The scenes of violence are breathtaking, leaving the reader with many questions. In extreme cases of violence, are perpetrators irredeemable, for example? Is revenge justified years after the incident, as demonstrated in the case of Khadija in the story Smooth Operator?
Always searching
There is a familiar character who has starred more than once in Fred Khumalo’s short stories, who again makes an appearance in this collection. This character speaks to the writer’s approach. His name is Vusi. He is young, naïve but well-meaning. He is a suburban boy in A Coat of Many Colours. But his meaning for the writer lies deeper. Vusi is also Fred’s second name. Is Vusi his alter ego?

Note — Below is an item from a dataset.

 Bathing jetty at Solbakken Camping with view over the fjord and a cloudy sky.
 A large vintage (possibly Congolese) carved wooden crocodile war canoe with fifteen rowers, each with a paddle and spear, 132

“Well spotted; Vusi is my alter ego!” Khumalo replies. “I try to make him naïve for the simple reason that as a writer I am always bumbling about in this arena called life; always asking questions, always stumbling into beautiful truths about life; only to realise that that is not the end of the journey, but only the beginning. Vusi is always searching, searching…. I can’t remember when I decided to use this gimmick/ploy, but it seems to work for me. I’m always searching, questioning.”
What connects the stories in Coat of Many Colours and Khumalo’s larger body of work is his familiar ability to code-switch. He speaks the language of his diverse audience while at the same time cultivating a particular style of his own. The book bears the mark of a writer and journalist who is an active observer of the world around him. Skilfully combining a cosmopolitan African humour with an ability to connect isolated people and locales with global history and time, A Coat of Many Colours is a bold addition to a relatively prolific bibliography that is thought provoking while stimulating the reader’s imagination.